*** Opening DATA EXTRACTS ***

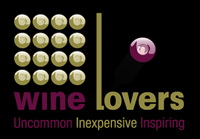 wine lovers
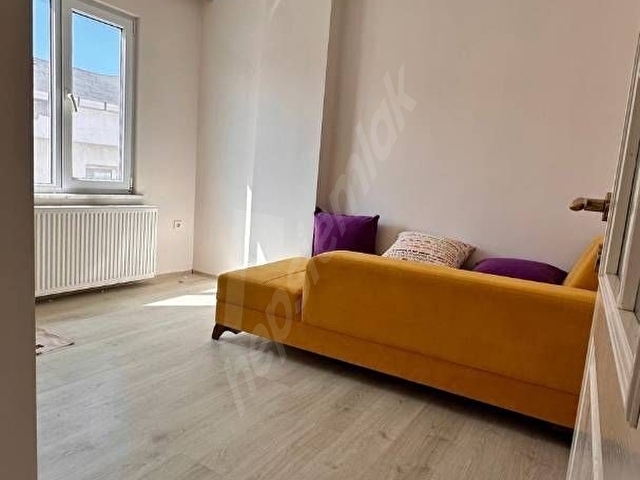 SAHİBİNDEN SELİMPASA YOGURTHANE MEVKİİ AİLE APARTMANINDA KİRALIK 3+1 DAİRE - Görsel 3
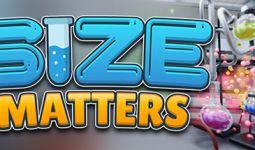 Download Size Matters pc game for free torrent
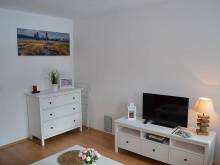 Apartmány Nova Lake - Nové Chalupy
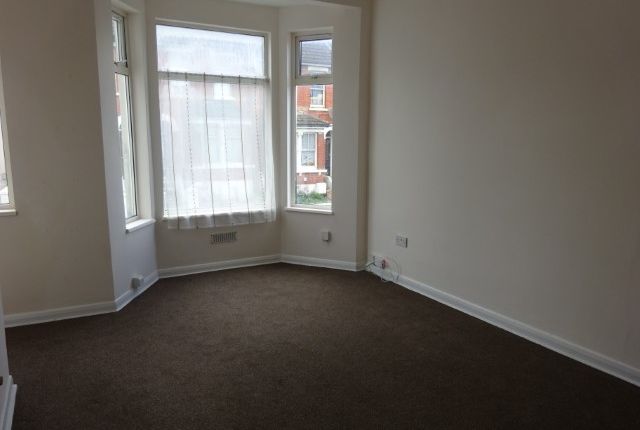 107a, Rochester Street, Chatham photo 2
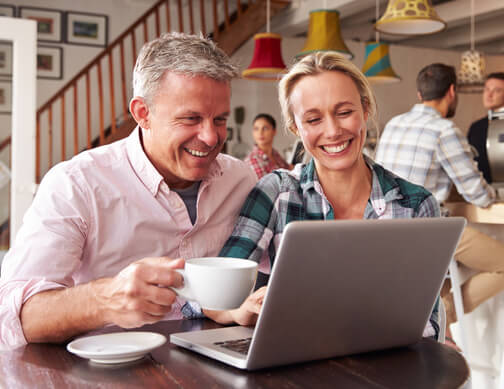 precise retirement planning
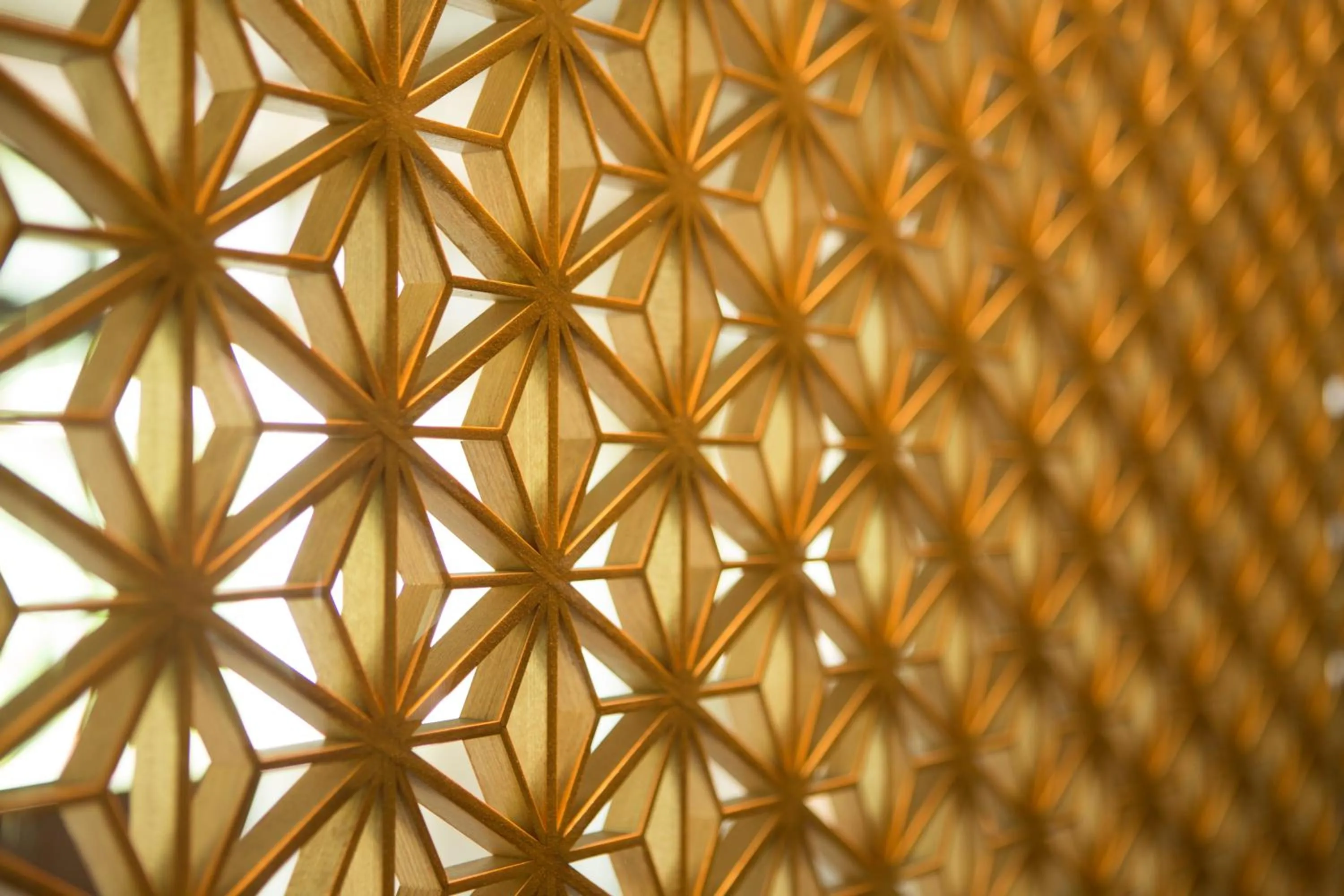 Lobby or reception in Hakuunsou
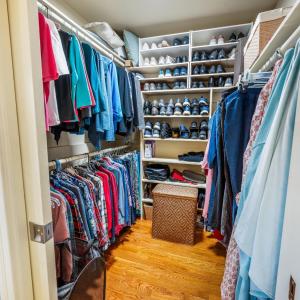 Photo #37 of 3024 Cardinal Place, Lynchburg, VA 0.4 acres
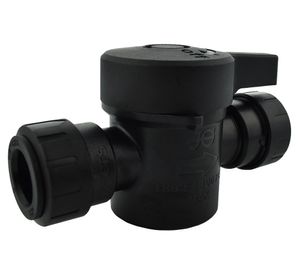 Conexión 6x13 cm CR-VE01 Coflex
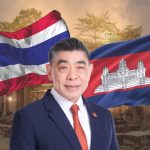 ธอส. พักหนี้สูงสุดนาน 1 ปี อุ้มลูกค้าได้รับผลกระทบชายแดนไทย-กัมพูชา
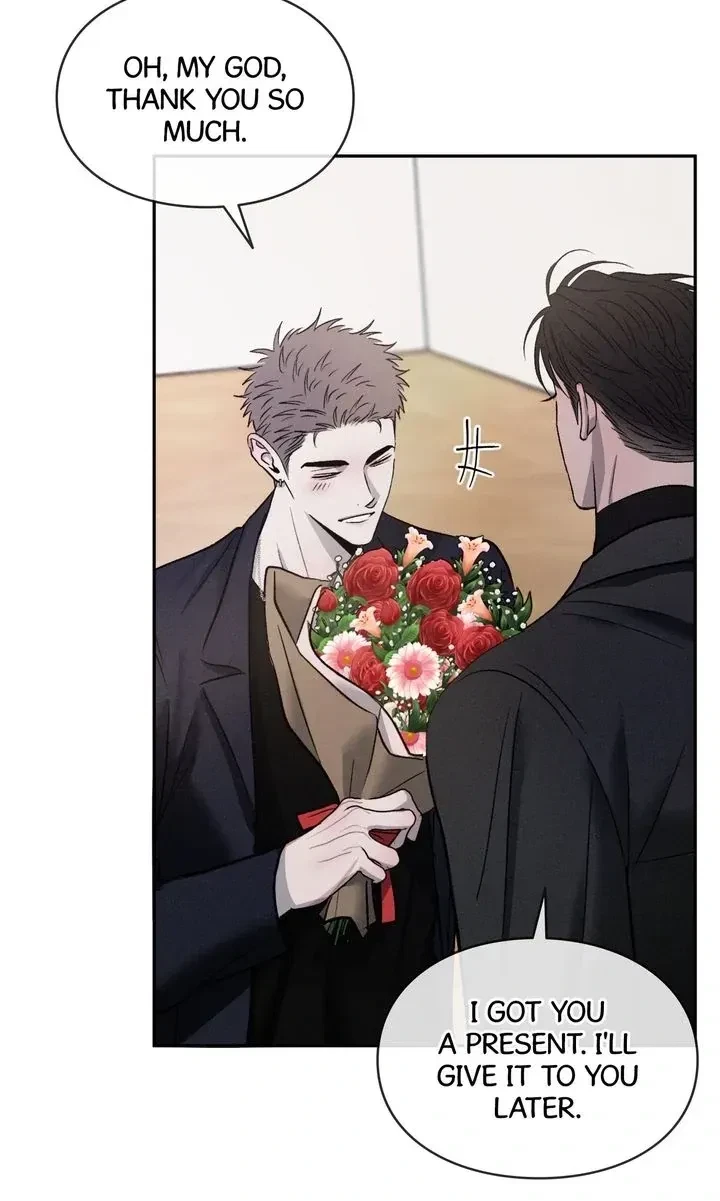 Chapter 80, page 13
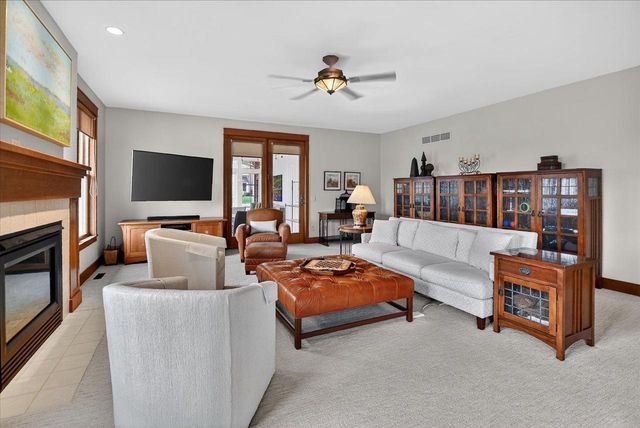 2 Coyote Court, Madison, WI 53717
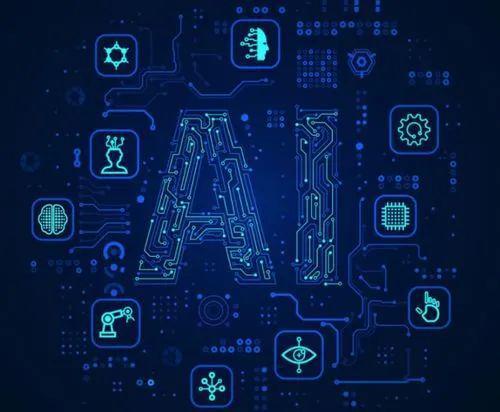 曹職院單招進行時丨人工智能學(xué)院歡迎你 開啟人工智能應(yīng)用軟件開發(fā)之旅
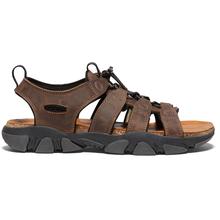 Men's Daytona II Sandal by Keen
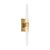 manufacturer_finish:Natural Brass|voltage:120.00V
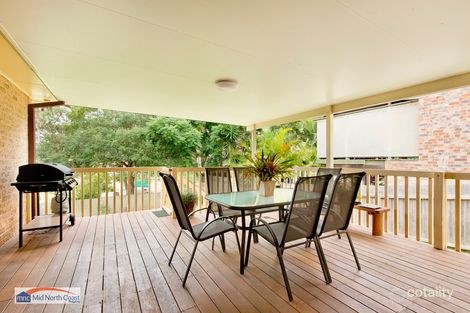 Property photo of 82 Panorama Drive Bonny Hills NSW 2445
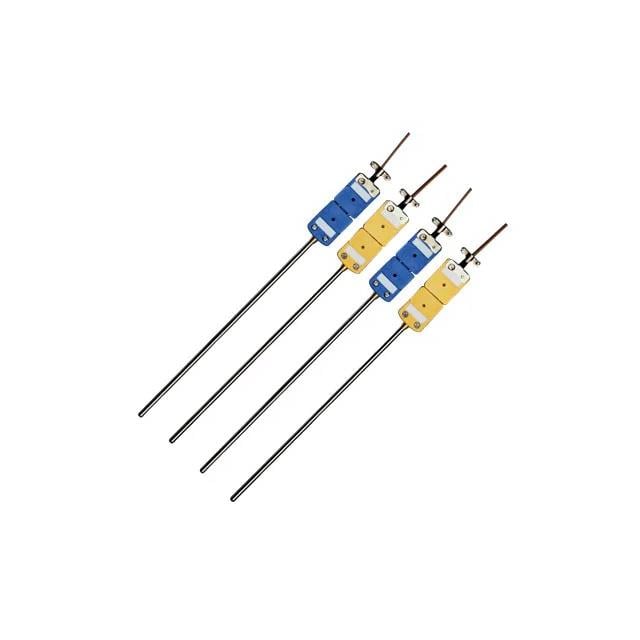 CASS-18U-72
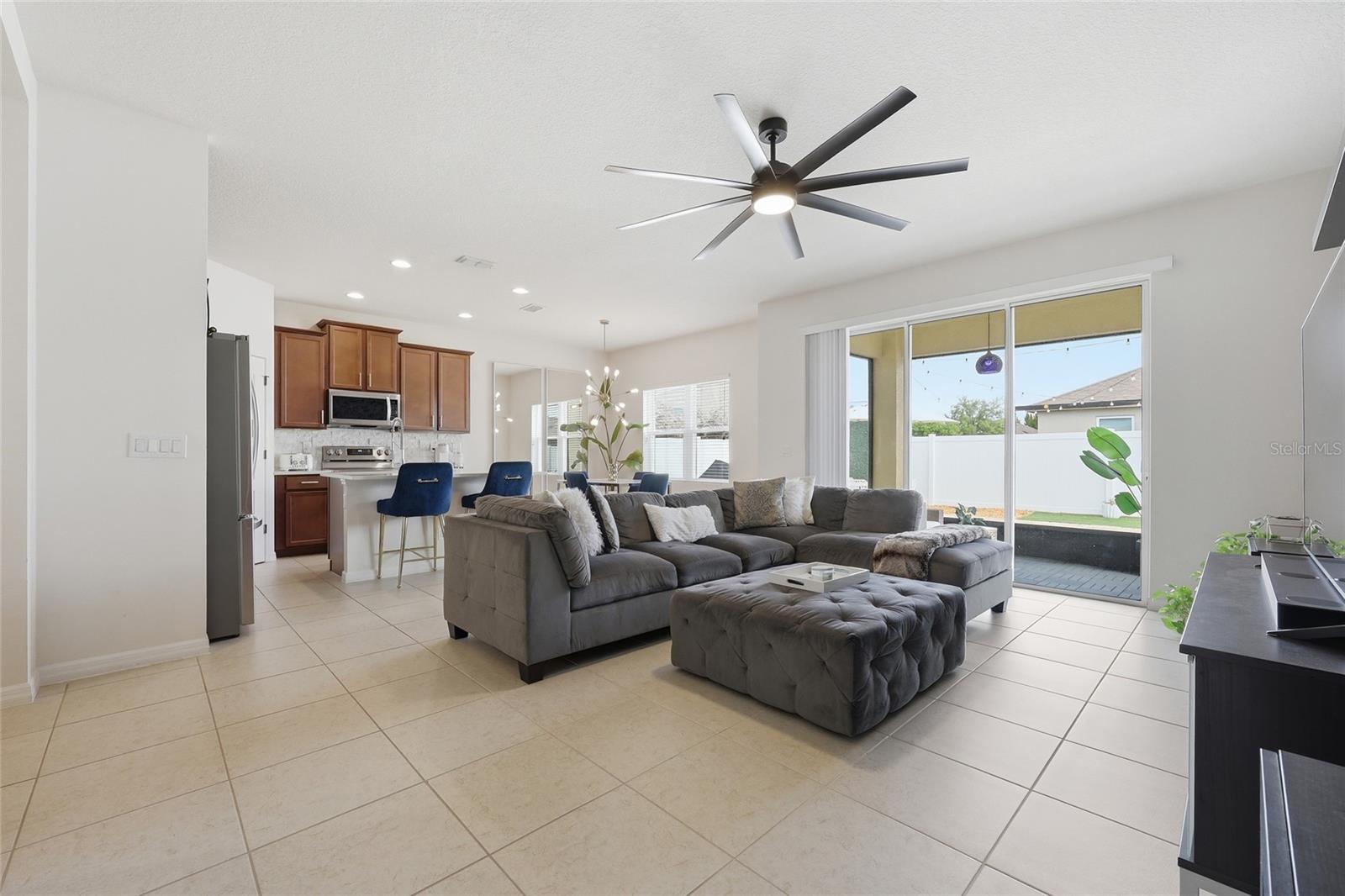 2864 RUNNING BROOK CIR, KISSIMMEE, FL, 34744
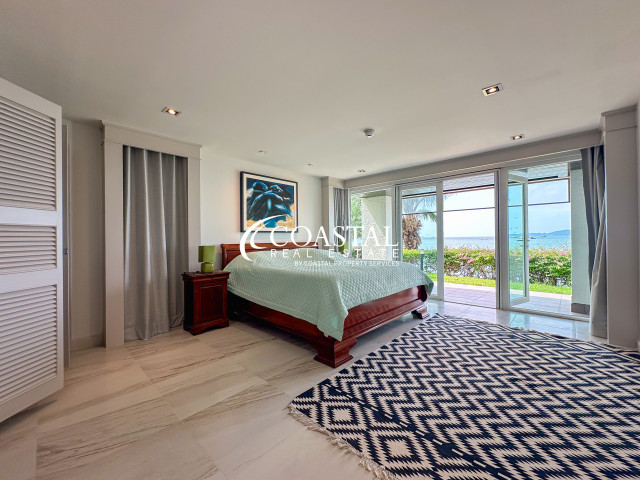 Condo For Sale North Pattaya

*** Closing DATA EXTRACTS ***

→ **ASSIGNMENT**:
Omitting all pictures, retype exactly the lines from the line containing "CASS-18U-72" down to the last line above, both ends included.

→ **TASK RESULT**:
 CASS-18U-72
 2864 RUNNING BROOK CIR, KISSIMMEE, FL, 34744
 Condo For Sale North Pattaya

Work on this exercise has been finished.